Part time, and remote will be harder but not impossible.

There are two big reasons why you don't see more remote and more part time.
Training and collaboration.

Lets assume that your talking about programing/engineering and that your a
senior developer. You already know how to do your job (write code) but what
you don't understand yet is the domain your about to go to work in. There is a
fixed cost where your "ramping up", learning about how the business works, the
nomenclature used to describe behavior, and functionality. Unless you have
been in an industry for a while, this will all be new to you. During your
first few weeks/months the company is paying a tax for you to learn, not only
their environment but the particulars of what they do.

Once your past that first stage and part of the team, what happens then? If
your not present (your day off) and someone needs advice (integration,
production support ... ) on something you have built what do they do? Are they
going to read through your code (Yes they can, most people don't know how or
don't have the patience), are they going to wait or be stuck till you get
back? People being "present" at the same time and in the same location makes
these sort of issues less likely, it keeps productivity high.

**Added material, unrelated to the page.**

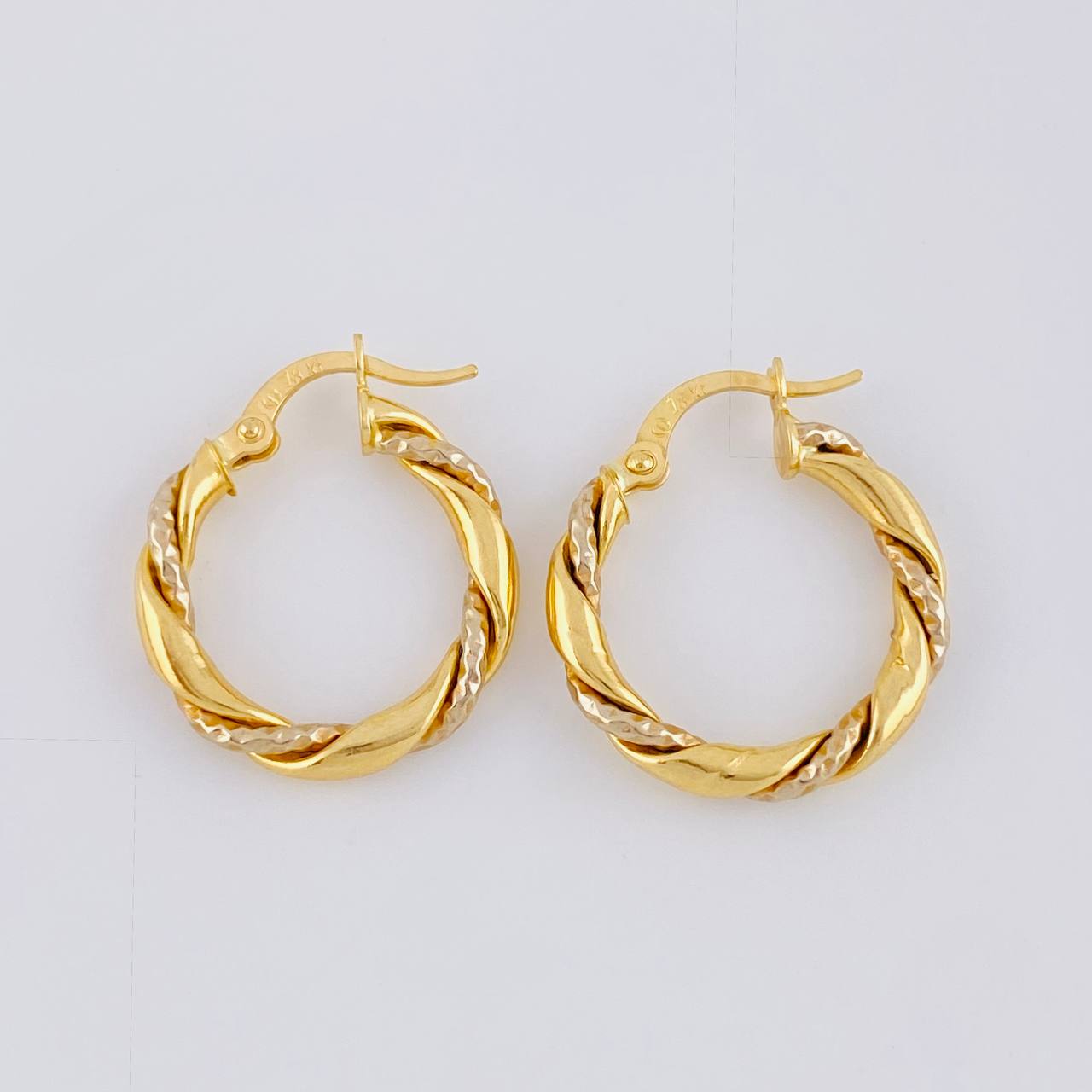 Candongas Lux 2.1 g / 2 cm Dos Oros Amarillo Blanco 18K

This work does exist. The trick is to be a solid developer AND a domain
expert. Your then going to have a set of skills that lets you target specific
companies who will need your skill set, and be able to set your terms. At that
point however, your not going to be seeking "part time" you going to be
charging flat rates per week for much larger sums of money. The pay won't be
"steady" but the peeks and valleys will provide you more than your currently
asking for.

------
regisb
I work 4 days/week writing open source software for the French government
([http://france-universite-numerique-mooc.fr/](http://france-universite-
numerique-mooc.fr/) [http://github.com/openfun/](http://github.com/openfun/)).
Last week I was in Barcelona; today I'm in Bordeaux. All 4 members of the
development team work remotely.

Keep faith! It took me ~5 years to find the right position and a boss willing
to accept remote, part-time work. Such positions exist, but you need to search
hard.

------
imauld
Most positions aren't advertised. Full time or otherwise. If you want to find
a specific job you might have better results networking (asking old contacts,
going to meetups/conferences, etc).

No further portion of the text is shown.